Share your dilemmas and get honest opinions from other Mumsnetters.

MiL coping strategies…

76 replies

Anonymouslyposting · 09/01/2022 19:21

Urgh, I know I shouldn’t get so worked up about it and in the grand scheme of things my MiL could be so much worse but I need a good vent.

TLDR = if anyone has any tips for being zen about MiL comments on parenting/relationship with DH then that’d be lovely!

Today’s delight was being told how lazy I am because DH does nursery drop offs. I WFH whereas DH gets the train to work from a station 5/10 minutes walk from nursery (it would be a 40minute round trip for me). I absolutely accept that it would be reasonable for me to do some drop offs but how we split childcare is not MiL’s business. Her plan is also that I should do pick ups every day and look after DD so that DH doesn’t have to worry about getting home from work on time. To be clear DH and I work in the same industry with similarly demanding jobs and get paid the same.

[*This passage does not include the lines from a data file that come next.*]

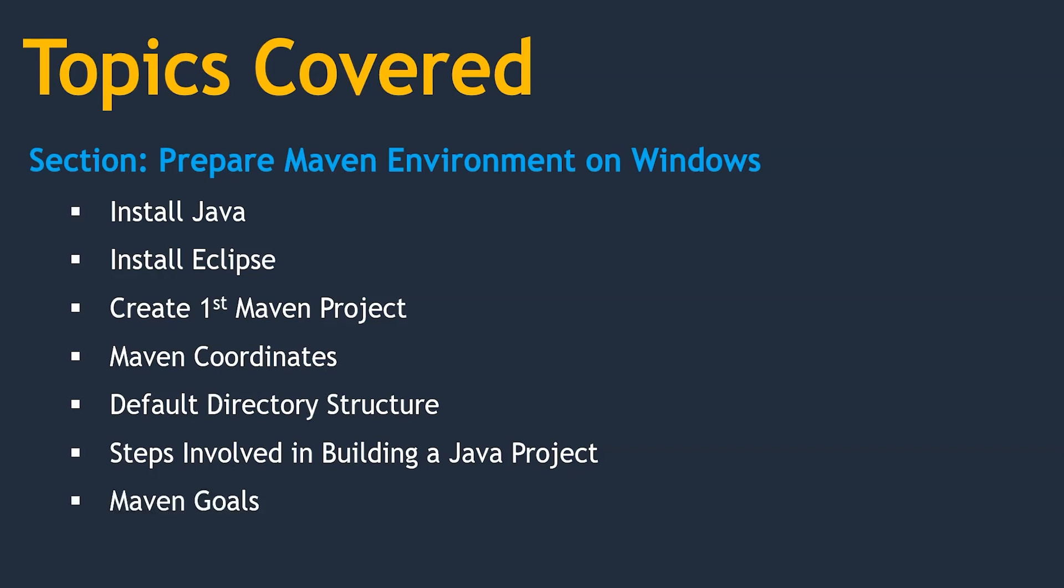To build our project we should know about Maven goals. Here we are going to talk about Maven goals. At last we are going to build our first Maven project.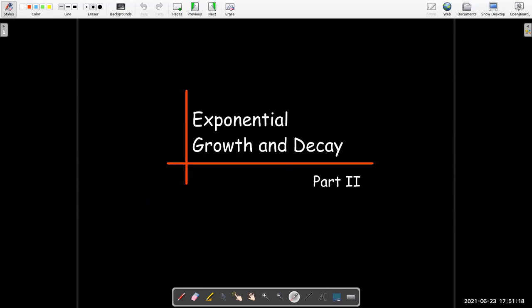I'm going to stop here and make another video where we talk about a different application called Newton's Law of Cooling.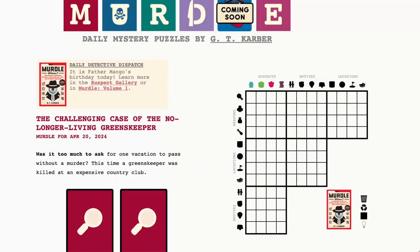Hello, fellow Myrtlers. Today is Saturday, April 20th, 2024, and it's a great day to solve a murder.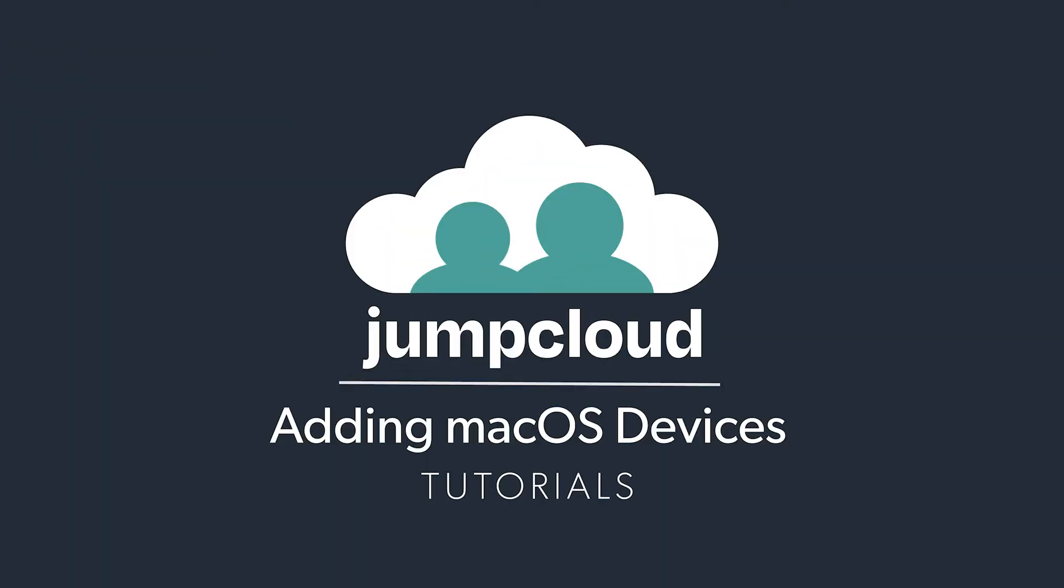In this tutorial, you'll learn how to add Mac devices to your JumpCloud directory by installing the JumpCloud agent. Note this requires access to the device. If you're in a remote environment without access to the device, check out the tutorial about remote agent installation.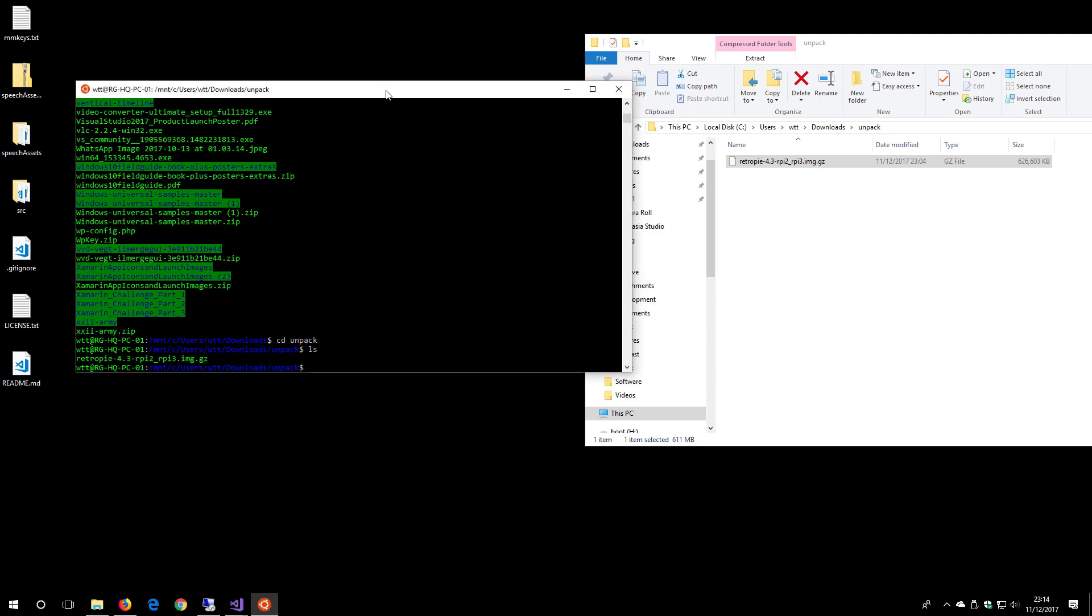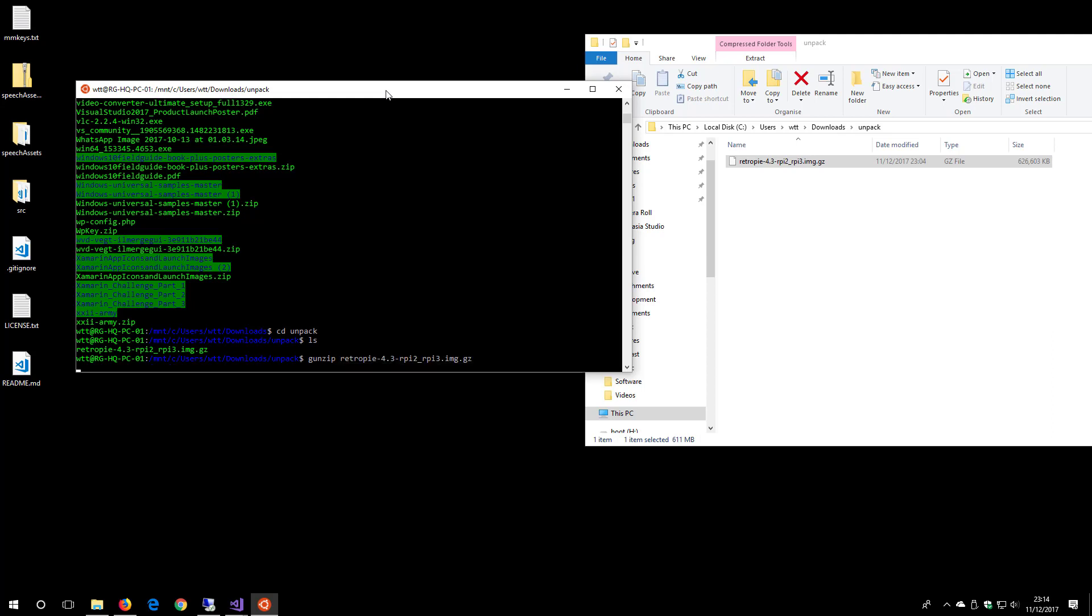gunzip and the file name. It's that simple. So 'retropie' and as you can see, the image file is being unpacked, it's still in progress.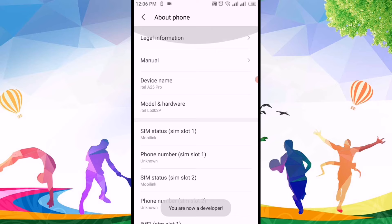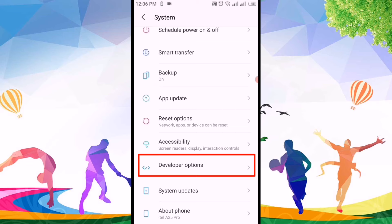So we'll go back. After going back, here you will see the developer options. So we'll click on developer options.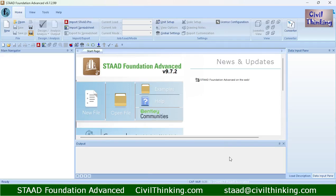Welcome to Stead Foundation Advanced tutorials by Civil Thinking. This is our first tutorial on the Stead Foundation software. In the previous class we learned some basic concepts in foundation engineering, and now we are going to apply those concepts. I am using the latest version of Stead Foundation Advanced, which is v9.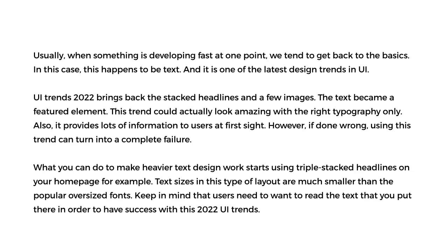Usually, when something is developing fast, at one point we tend to get back to the basics. In this case, this happens to be text, and it is one of the latest design trends in UI. UI trends 2022 brings back stacked headlines with fewer images — the text became a featured element. This trend could actually look amazing with the right typography, and it provides lots of information to users at first sight.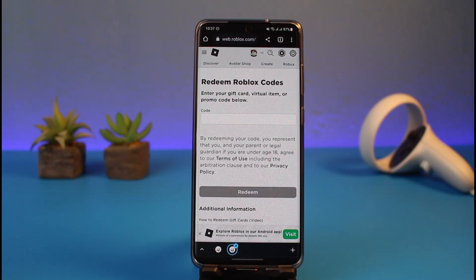Just tap on the 'Redeem' button and the code will successfully be applied to your Roblox account. You can then use them depending on their value. And that's all it takes to redeem your Roblox gift card code!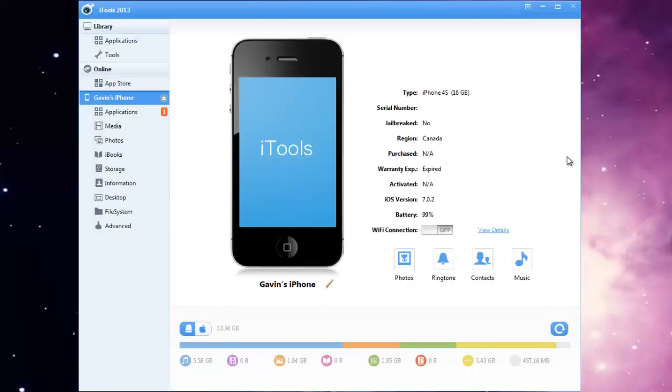So the first thing you're going to do is just plug in the 30 pin connector into your iPhone and the USB into your computer.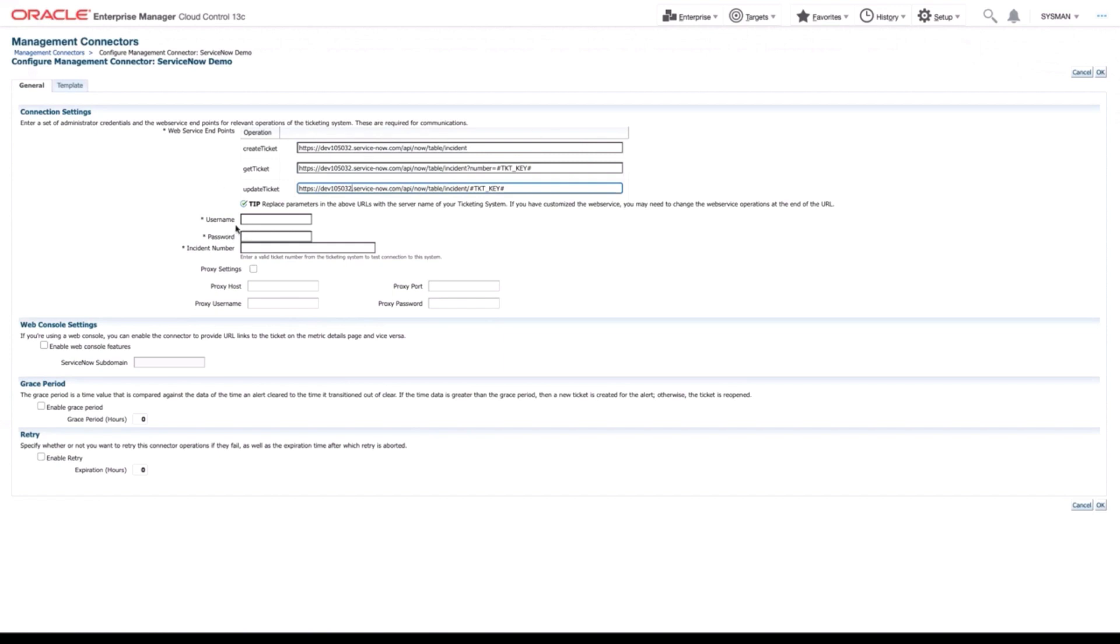Next up is our username and password. That one's simple enough. We can use the same username and password that we logged into with ServiceNow. That being said, this will be the user that creates and closes the tickets in ServiceNow. So if you have a service account you'd rather use, make sure to enter those credentials.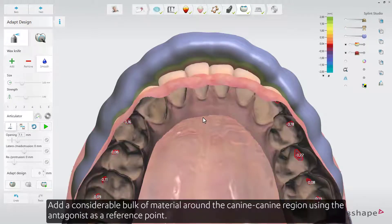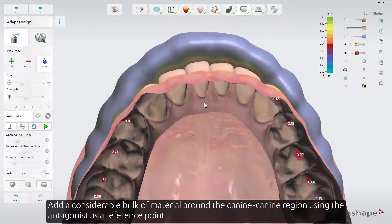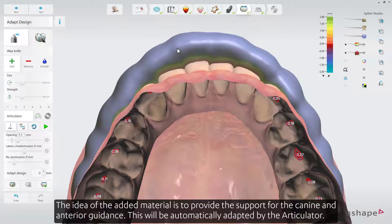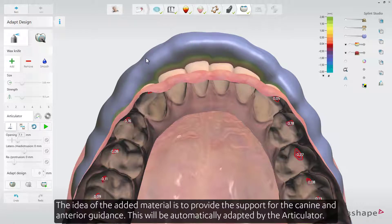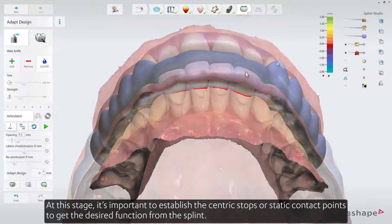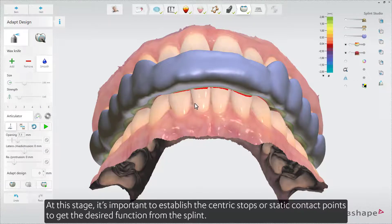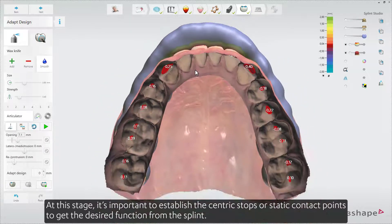Add a considerable bulk of material around the canine to canine region, using the antagonist as a reference point. The idea of the added material is to provide support for the canine and anterior guidance. This will be automatically adapted by the articulator. At this stage, it is important to establish the centric stops, or static contact points, to get the desired function from the splint.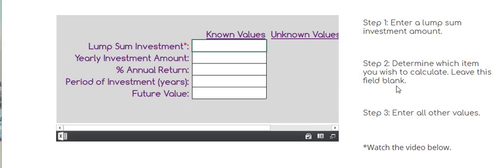Hey everybody, it's Scott. In this video, I'm going to show you how to use the Wealth Strategy Calculator to help you determine how you can invest to achieve your lifestyle goals. Now I'm going to warn you, much of what you've been taught is simply not true. So strap in and let's go.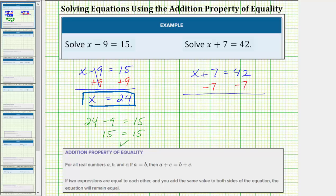Now we'll go ahead and simplify both sides of the equation. 7 minus 7 is equal to 0, so we have x on the left is equal to 42 minus 7, which is equal to 35. Our solution is x equals 35.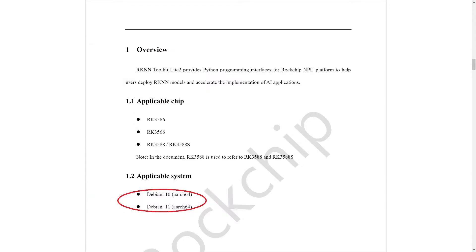Let's start with the system. The existing RKNN toolkit builds work only on Python 3.7 and Python 3.9. With these builds, for most boards there will only be Debian 10 and Debian 11.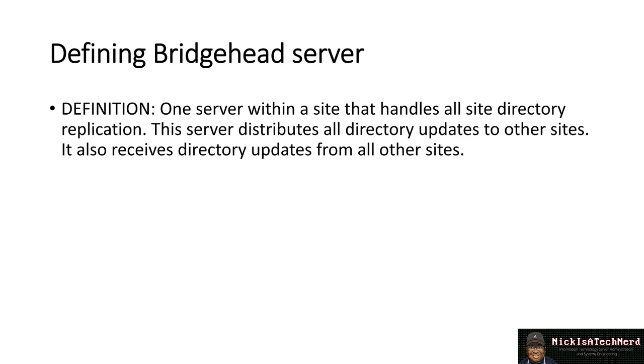Now, when we're talking about the Bridgehead Server, we're talking about a server that collects information and then it distributes it to other computers, other domain controllers in this sense, other domain controllers in the domain.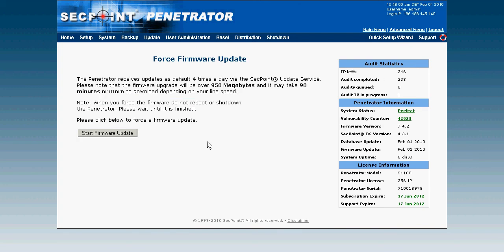Okay, now we can see the firmware update has finished and it says firmware version 742, and here in the firmware update it says the 1st of February 2010.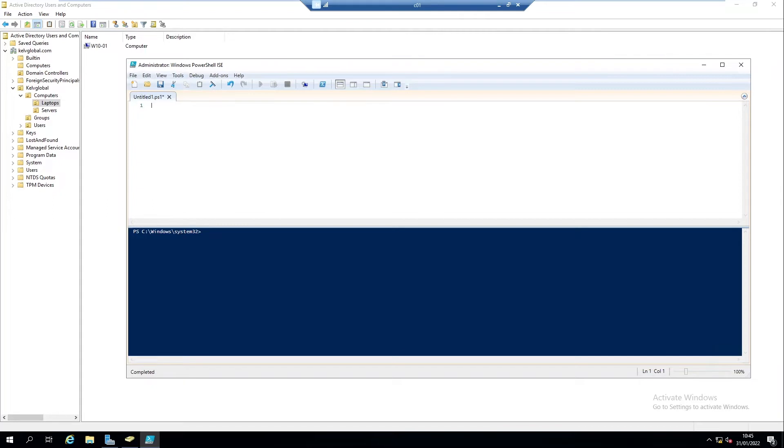At this moment I'm using my domain controller, but let's say you're using your Windows 10 or Windows 11 device to manage Active Directory or manage a server. You can start PowerShell from your Windows 11 or Windows 10 device.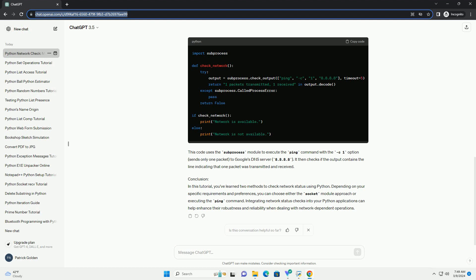In this tutorial, you've learned two methods to check network status using Python. Depending on your specific requirements and preferences, you can choose either the socket module approach or executing the ping command. Integrating network status checks into your Python applications can help enhance their robustness and reliability when dealing with network-dependent operations.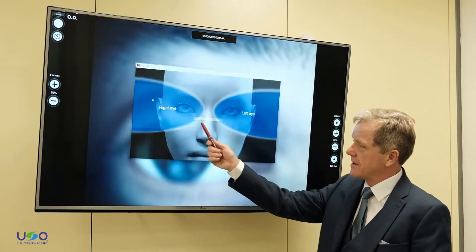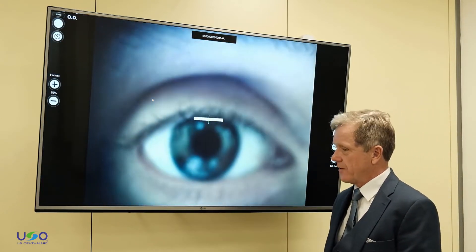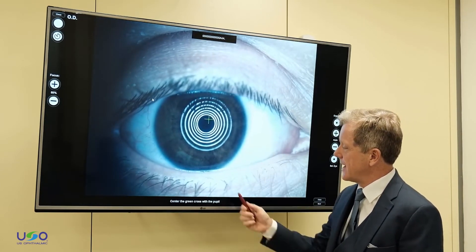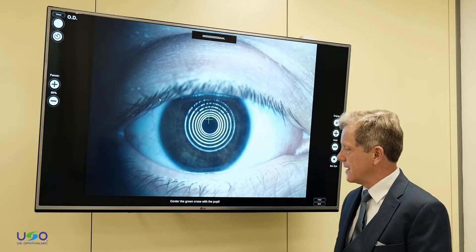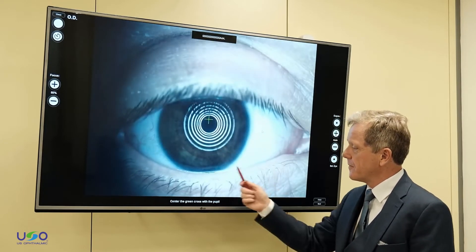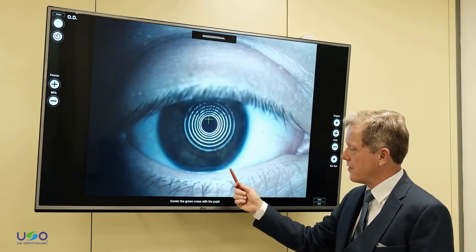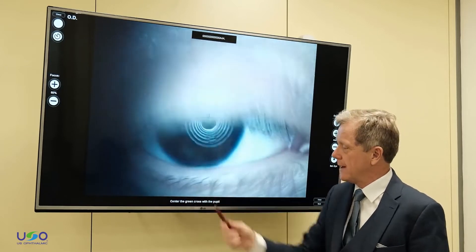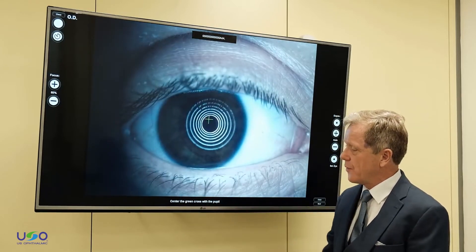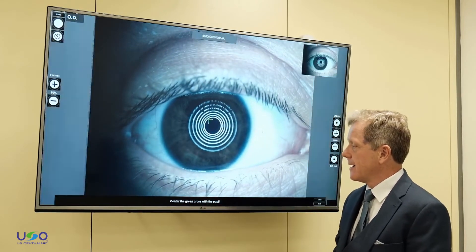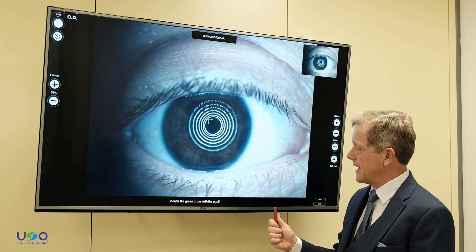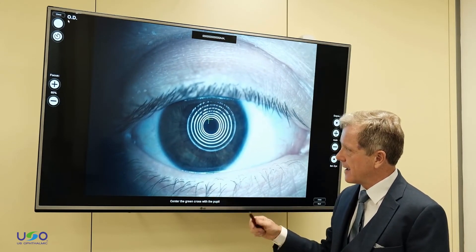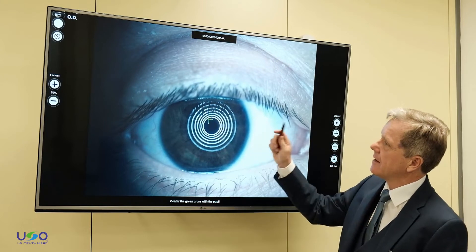We ask the patient — we'll do it on the right eye here — to look straight ahead and just keep blinking. It's important to focus on the image, either through the internal focus within the software or on the hand device. We're measuring that, then we select an image and close.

I know this conversation isn’t a big deal but it’s just the latest in a series of constant little digs. The most recent have been that:

  • breastfeeding my 14 month old is “revolting”.
  • DH coming home at 6:45 to do bath time meant that I was treating him like a househusband and surely he’d be fired for it.
  • my parents are the “favoured grandparents” and she has “never been so angry” because they managed to give us covid which meant we had to isolate rather than seeing MiL.
  • DH is terribly hard done by because he sometimes does night wakings and she NEVER would have asked FiL to do that (to be clear, I did all night wakings from 3-11 months, DH does now do his share because I have gone back to work)
  • all the books we have bought for DD are not educational enough and in some cases are in fact harmful (the harmful one today is apparently the Gruffalo)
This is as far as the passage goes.